Data supplied below:

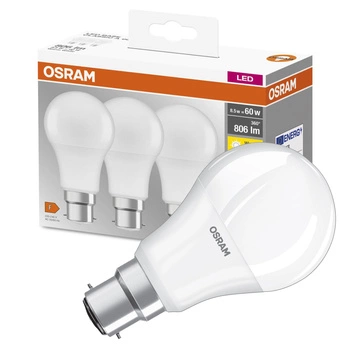 3x LED Lampe B22d A60 8,5W = 60W 806lm 2700K Warm 360° OSRAM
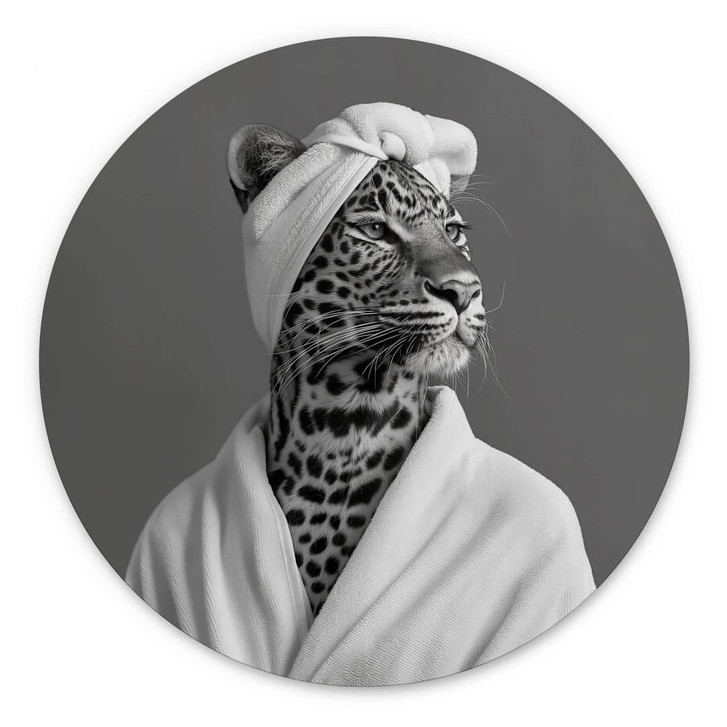 Wandbild Royale Spa-Auszeit mit Leopard - Rahner - Alu-Dibond Rund - WA464573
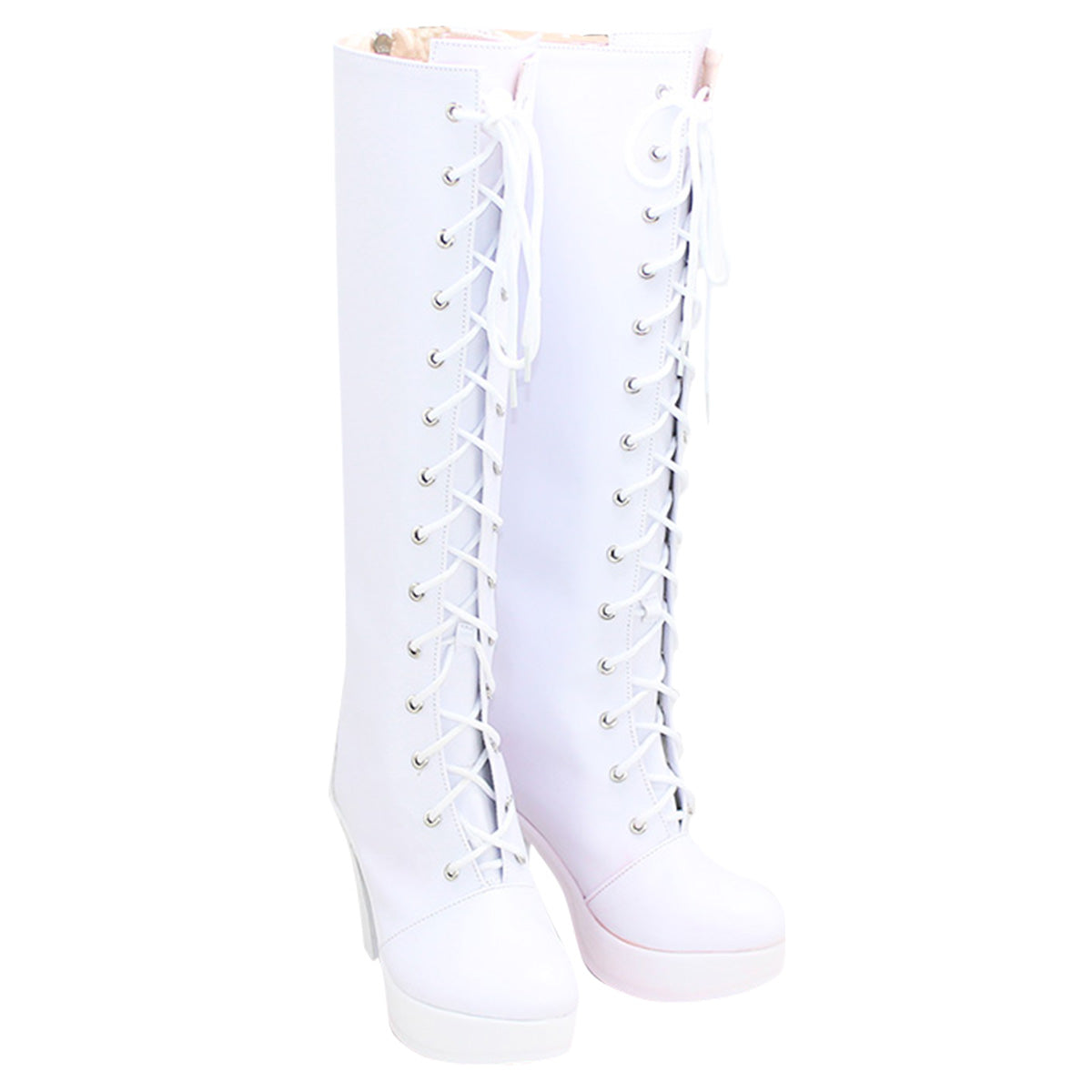 Date A Bullet White Queen Kurumi Tokisaki White Shoes Cosplay Boots Shoes/Boots - Tophatter Daily Deals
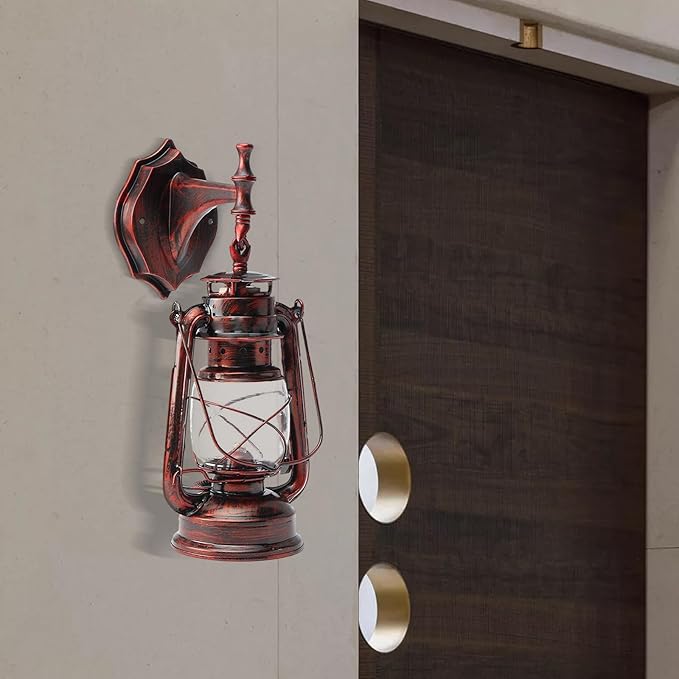 Retro Antique Vintage Rustic Wall Sconce, Lighting Lantern Mounted Light with Glass Indoor Light Fixture, Cabin Decor Lampshade for Hallway Farmhouse Loft (Red Bronze Coloured)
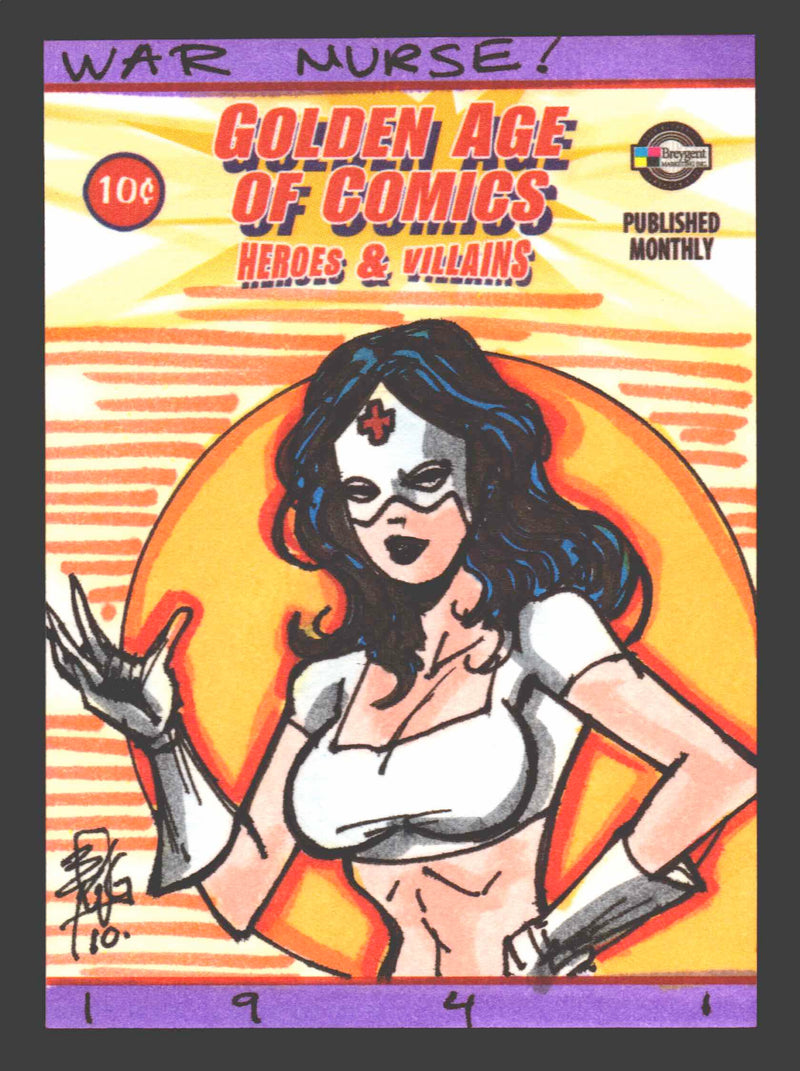 Golden Age of Comics Heroes & Villains Artist Sketch Card Breygent by Brian Kong - TvMovieCards.com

End of Data supplied.

## Work item
Hand back the data above exactly, leaving out all pictures.

## Final answer
 3x LED Lampe B22d A60 8,5W = 60W 806lm 2700K Warm 360° OSRAM
 Wandbild Royale Spa-Auszeit mit Leopard - Rahner - Alu-Dibond Rund - WA464573
 Date A Bullet White Queen Kurumi Tokisaki White Shoes Cosplay Boots Shoes/Boots - Tophatter Daily Deals
 Retro Antique Vintage Rustic Wall Sconce, Lighting Lantern Mounted Light with Glass Indoor Light Fixture, Cabin Decor Lampshade for Hallway Farmhouse Loft (Red Bronze Coloured)
 Golden Age of Comics Heroes & Villains Artist Sketch Card Breygent by Brian Kong - TvMovieCards.com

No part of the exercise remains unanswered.